The editorial board of the Wall Street Journal didn't take Donald Trump's latest broadside at them lying down and responded in kind with an editorial that took more than a few sarcastic comments aimed at the man they dismissively called "the most famous resident of Mar-a-Lago."
On Thursday, the one-term president, still deprived of his Twitter and Facebook bully pulpits, issued a press release criticizing the conservative paper owned by Rupert Murdoch over an editorial from the editors calling on the Republican Party to put Trump in the past if they have any hope of regaining the White House and both chambers of Congress lost during his tenure.
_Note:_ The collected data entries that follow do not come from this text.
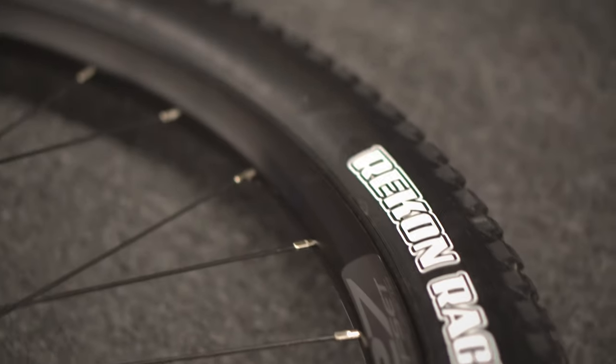The tires are still super fast rolling. They are not putting Minions on this bike — you can fit a pretty beefy 2.4, but that's not the crowd here. They are still rolling fast. This is your go-out-on-the-gravel-road, slam-some-singletrack, climb-really-fast bike where you can take pretty much every king of the mountain on Strava.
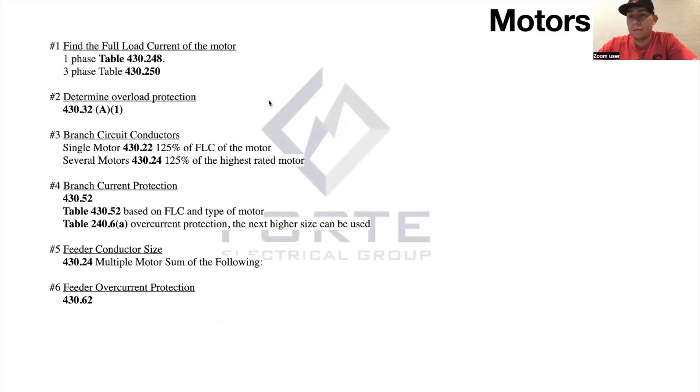There are six steps to working your motor situation out. Step one is finding the FLC of the motor. Step two is determining the overload protection. Step three is your branch circuit conductors — between your motor control and your motor, what size wire do you run? Step four is your branch circuit protection — the breaker or fuse in your motor control center or panel. Step five is how you figure out what size fuse to use.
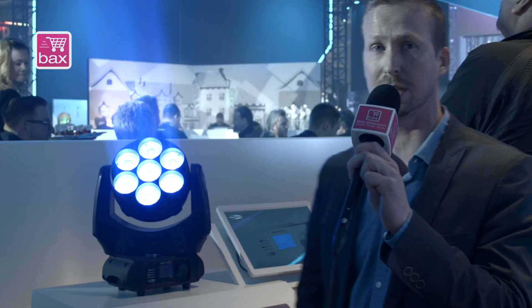The special thing about this fixture is that it's the successor of our Expression 5000. Our Expression 5000 was a very popular fixture, and now we have an answer, an upgrade, and it's this fixture, the Phantom 70 LED Beam.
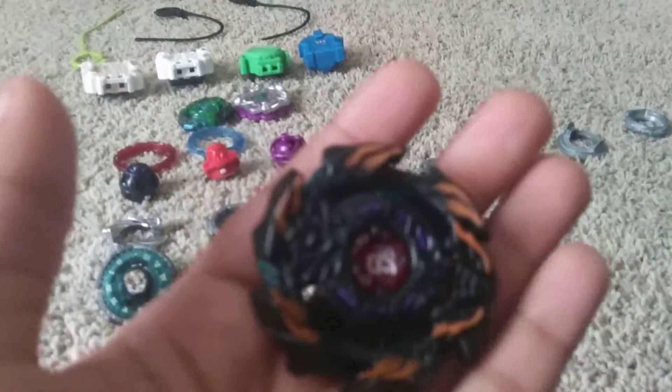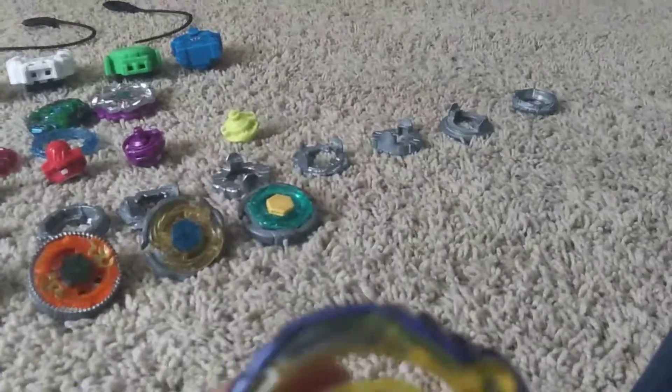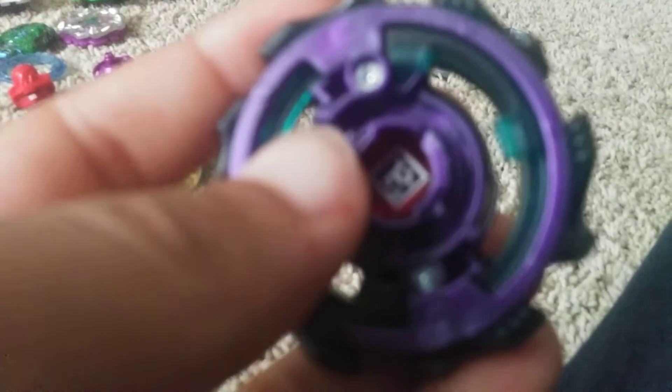Welcome back. Today you might see some new beyblades — this is Ball Cash and this is Lightning X Archers. Lightning X Archers bursts easily, like way easily, while Ball Cash does not burst easily. It doesn't have great stamina but it has great defense.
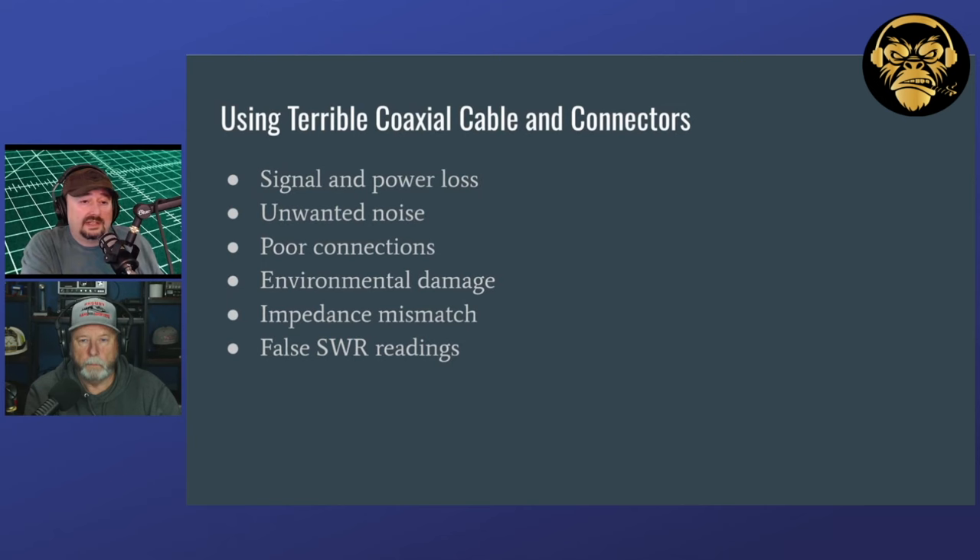Bad shields on your coaxial cable can cause unwanted noise problems, where it's picking up interference or RFI from other things in your environment. That noise can raise your noise floor on HF and really affect you. Noise floor isn't as much of a problem in UHF and VHF, but it's definitely an issue in HF, so you want to make sure you check that.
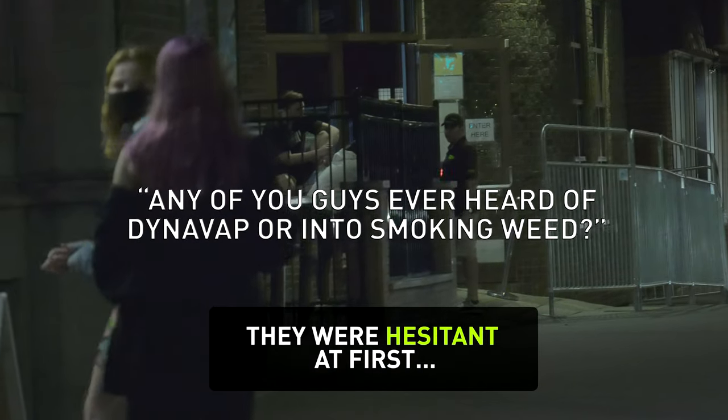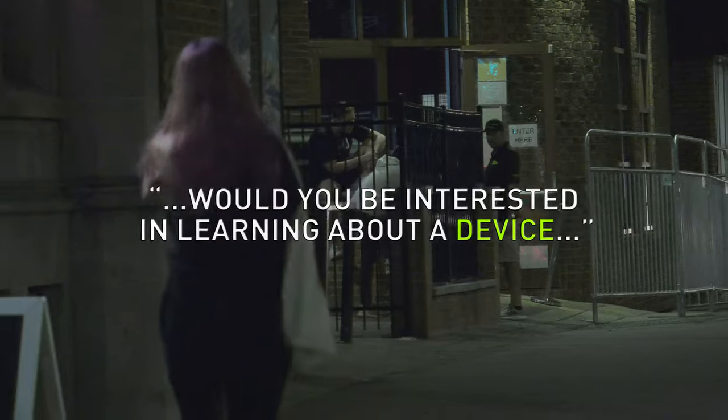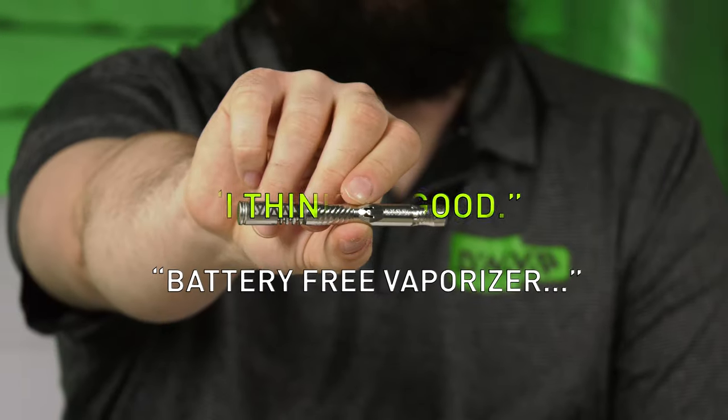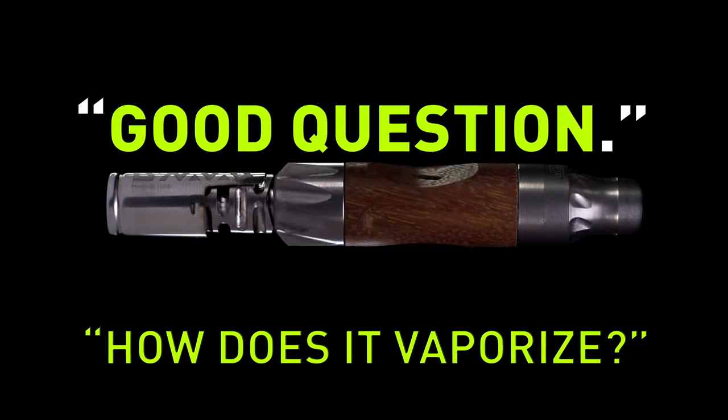Any of you guys heard of Dynavap or vaporizing weed? No. Are you interested in learning about a device? I think I'm good. Battery-free vaporizer? Battery-free? How is it a vaporizer? Good question.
According to Trump, "The Wall Street Journal editorial page continues, knowingly, to fight for globalist policies such as bad trade deals, open borders, and endless wars that favor other countries and sell out our great American workers, and they fight for RINOS that have so badly hurt the Republican Party," before adding, "Fortunately, nobody cares much about The Wall Street Journal editorial anymore."
In turn, the editors responded with a snarky, "For someone who says we don't matter, he sure spends a lot of time reading and responding to us. Thanks for the attention."
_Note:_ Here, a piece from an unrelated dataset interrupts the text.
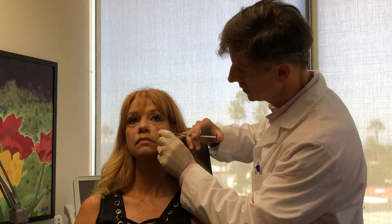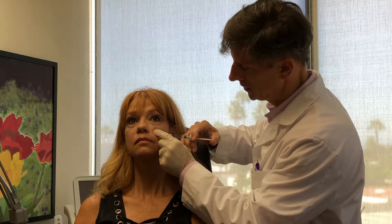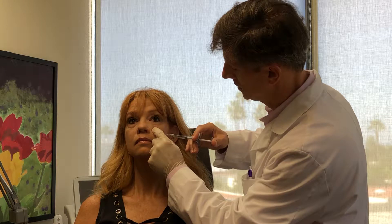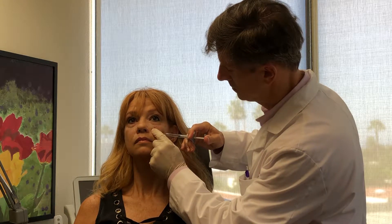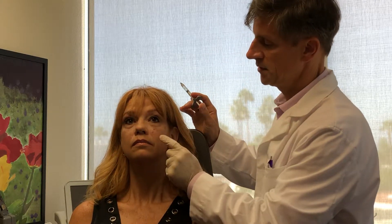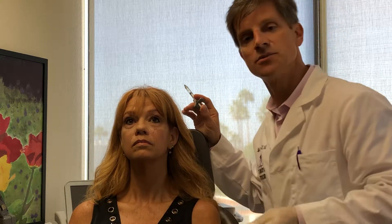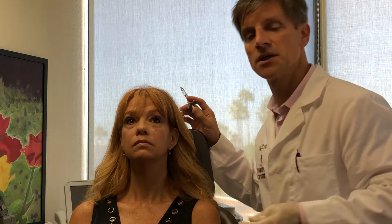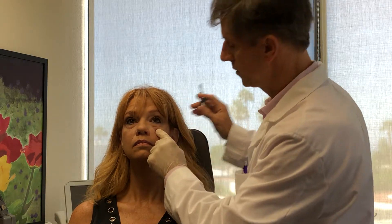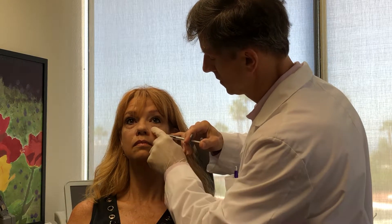In this area here, we're going to be on the malar bone. We always withdraw and anticipate where the arterial anatomy is. The arterial approach is, depending on the individual, more comfortable. The reason I say that is because the blunt cannula moves through the tissue, and unless it's completely anesthetized, will cause some discomfort. Approaching the orbital-infraorbital artery, we again will withdraw.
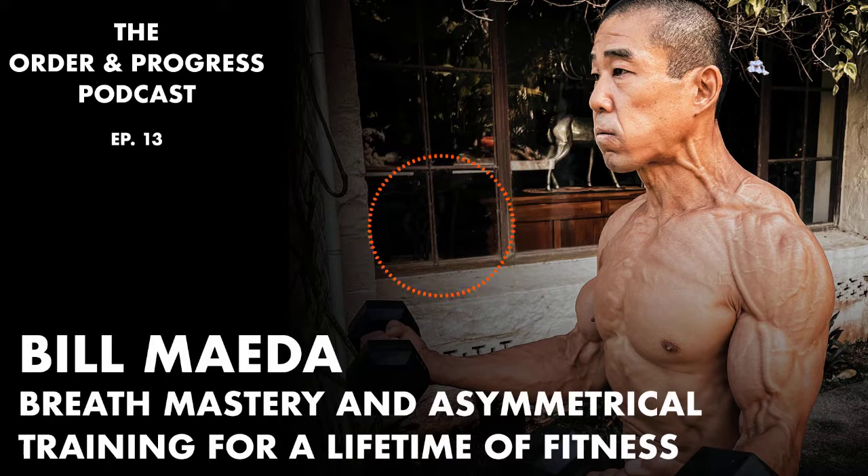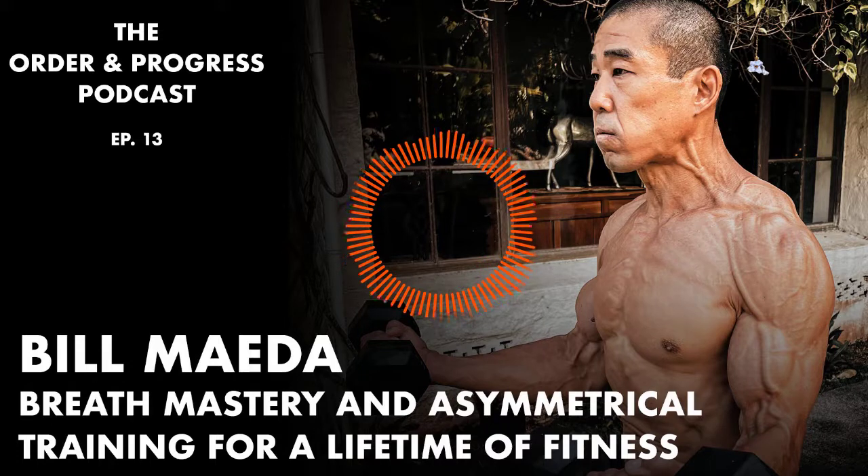I found that the stronger I make the edges of my body, the more durable and also the more efficiently I'm able to move, because power generated in my lower body gets transferred more efficiently and more immediately into the upper body — and vice versa — if basically all four sides of my midsection are more equally strengthened and balanced.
The editorial took a tongue-in-cheek dig at Trump, insinuating he is a poor loser still unable to deal with being a rare one-termer.
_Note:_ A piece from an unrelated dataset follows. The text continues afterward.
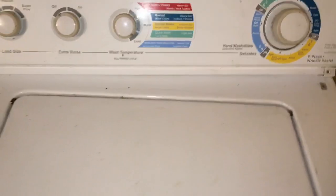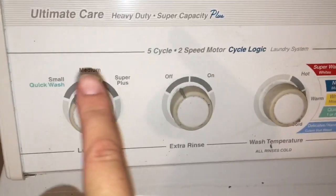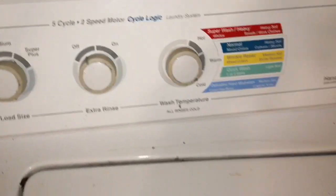Hey everyone, so I have an older regular washing machine. This one's a Whirlpool, specifically the Ultimate Care Heavy Duty Super Capacity Plus.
"Former Presidents and Vice Presidents have told us how psychologically difficult the early months of lost political power can be. We can therefore empathize if former President Trump is frustrated these days, and perhaps that explains his attack on us Thursday over his role in the GOP's loss of the Senate," they wrote before making their case again that the ex-president is still trying to rewrite history.
"What really seems to rankle the most famous resident of Mar-a-Lago isn't his caricature of our policy differences," they wrote dismissively before adding, "It's that we recognize the reality that Mr. Trump is the main reason Republicans lost two Georgia Senate races in January and thus the Senate majority. Mr. Trump refuses to take responsibility for those defeats, contrary to all evidence."
Revisiting the loss of the two Senate seats the Republican Party held before Trump started bickering with Georgia's GOP leadership, the editors suggested that the former president still doesn't get it.
"It matters to GOP fortunes going forward," they wrote. "In the single Trump term, Republicans lost the House, White House and finally the Senate. How can it be that everyone other than the most prominent Republican in the country is responsible for victories but not the defeats that have left Republicans in the wilderness?"
In a biting summation, they added, "Losing to Joe Biden of all people, and by 7.1 million votes as an incumbent president, must be painful," before twisting the knife with, "Counseling could be in order. Any good analyst will explain that the first step toward recovery is to accept reality."